All the cool kids in London ride fixed gear or single speed bikes these days. Fact. Well, all the cool kids…..and me. However, there’s a trend for removing both front and back brakes on a fixed gear bike and using rear wheel braking only via the pedals. Riding a fixed gear bike allows you to control your speed and come to a stop easily without ever touching the brakes. If you lock your legs up when riding then you can even skid the rear wheel to stop when you want to. this is (incorrectly) considered to be a faster way of stopping a fixed gear bike and comes with the added down side that it wears out your tyres quickly. If you talk to any brakeless rider they’ll tell you that they can stop whenever they want in the same time/ distance as a normal bike. I guess, you’d have to think that before hitting busy streets on a bike with no brakes in the first place. So, my question is:

*How safe/ stupid is it to ride a bike with no brakes and can you really stop in the same distance/ time as a normal bike in an emergency?*

To answer this we’re only going to look at the mechanical efficiency of rear wheel braking vs front wheel braking. We will assume that a proficient fixie skidder can react as quickly with their legs as the rest of us can with a hand operated rim brake so reaction times are not an issue. I know I can’t react as quickly with my legs but I don’t regularly ride fixed. In fact, the brakeless bregade could argue that the friction and brake cable extension from the brake lever to the rear wheel and potential water on the brake pads on a rim brake causes a much bigger delay and would require faster reactions. But that is another topic altogether.

First we need a model of a bike and rider to base our analysis on. The figure below shows the combined centre of gravity (COG) of the rider and bike. This moves forwards, backwards, up and down as the rider changes position. A typical 58cm frame might have a wheelbase of 1020mm (L_{1 }+ L_{2}) and with the rider in a normal riding position the combined COG will be located at around L_{1} = 600mm and L_{2} = 420mm at a height above ground of around H = 1100mm.

You can measure the position of your COG quite easily by standing on some scales holding the bike to get the overall mass (M). Then, put the front wheel on the scales whilst sitting in your preferred riding position and, balancing against a wall, read off the weight measurement (M_{f}). Do the same for rear wheel as a double check (you probably need someone else to read off the weight as it will alter your position if you try to read it). The front and rear weights should add up to give you the same as the total and the COG position can be calculated using only the front measurement:

L_{1} = Wheel Spacing x (1- M_{f}/M)

The vertical position is a bit trickier to measure but will generally be located around the level of your hip in a normal riding position.

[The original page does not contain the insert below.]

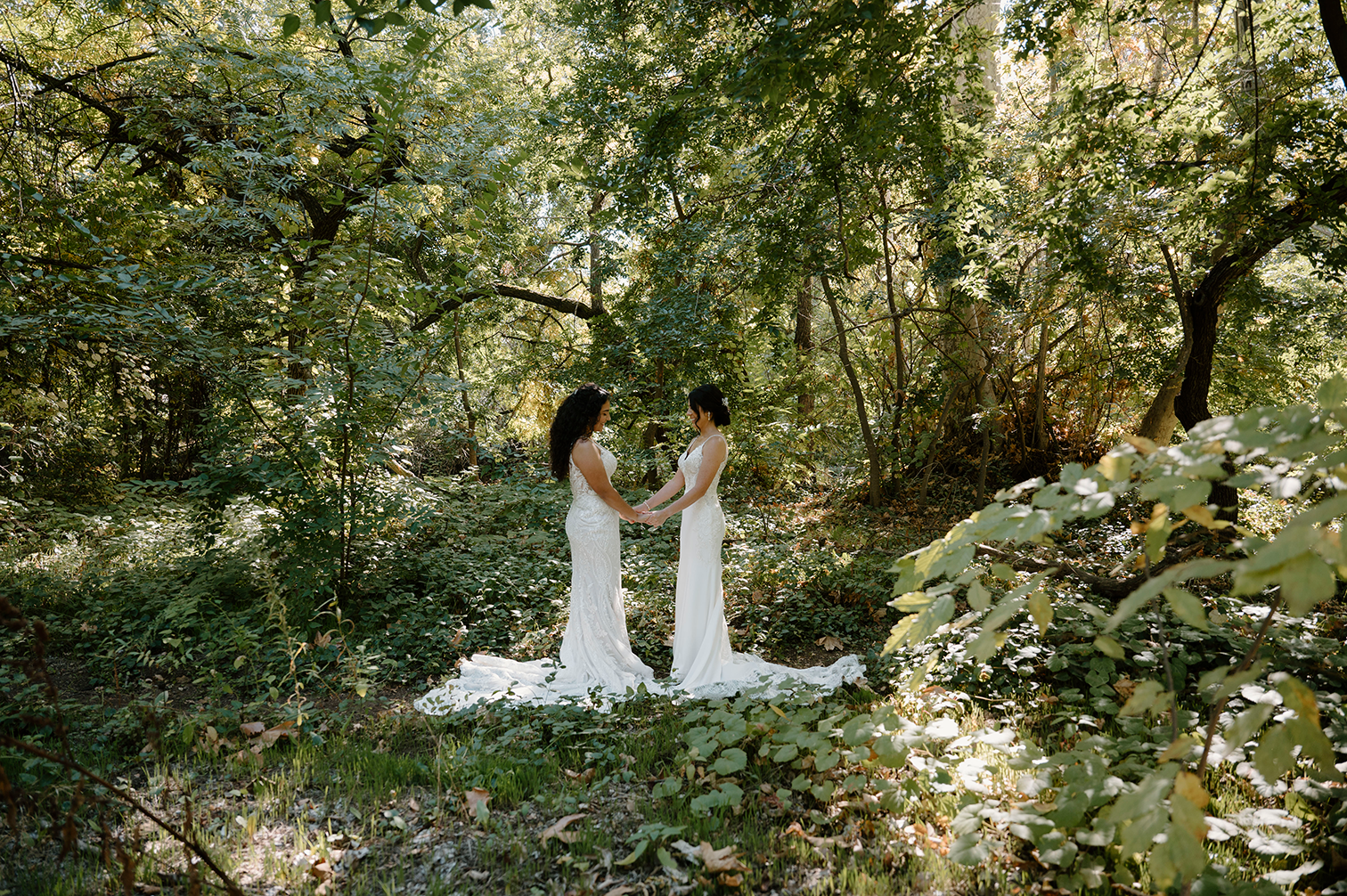 two brides wedding photo2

Let’s start with the bike with front and back brakes. Braking is limited by 2 factors. Firstly by the friction that can be developed between the bike tyre and the road and secondly by the stability of the rider on the bike. We all know that if you pull the front brake too hard you’ll end up over the handlebars. Friction between the bike tyre and the road is calculated by **F _{Fr} = μR**. Where F

_{Fr }is the friction force, μ is the friction coefficient between the road and the tyre and R is the reaction force at the point of friction as shown by R

_{f}and R

_{r}on the sketch above.

The friction coefficient varies depending on the road surface, tyre surface and whether the two friction surfaces are static or sliding (kinetic). Here are some typical values for bike tyres on an asphalt road:

Dry (Static) = 0.8

Wet (Static) = 0.5

Ice (Static) = 0.1

Dry (Kinetic) = 0.65

Wet (Kinetic) = 0.4

Ice (Kinetic) = 0.08

The friction force causes the bike and rider to decelerate. The act of decelerating causes more weight to be applied to the front wheel then the back wheel due to the momentum of your body, which is why it is easy to go over the handle bars if you decelerate too sharply. Using Newtons 2nd Law (Force = Mass x Acceleration) the deceleration force on the bike and rider is M x a. Using the front brake alone, at the point where the back wheel lifts off, all the weight is on the front wheel. If we take moments about the base of the front wheel at this split second then the overturning force from the horizontal deceleration is balanced by the weight acting downwards or: MaH = MgL_{1} which can be rearanged to give

a_{max} = gL_{1}/H

Using the numbers above a_{max} = 9.81×600/1100 = *5.35m/s*^{2}. Which is equivalent to stopping from 20mph in 0.7s over a distance of 7.5m.

Note, that at this point the rear brake has no effect whatsoever as there is no weight on the back wheel. The friction force developed between the tyre and the road is Ma_{max} or MgL_{1}/H whilst the maximum friction force theoretically available would use our whole weight mg. So, the smaller the ratio L_{1}/H gets the less stable the bike becomes during braking. Recumbent riders can actually skid the front wheel because L_{1}/H > 1 so the wheel skids before the bike toples over.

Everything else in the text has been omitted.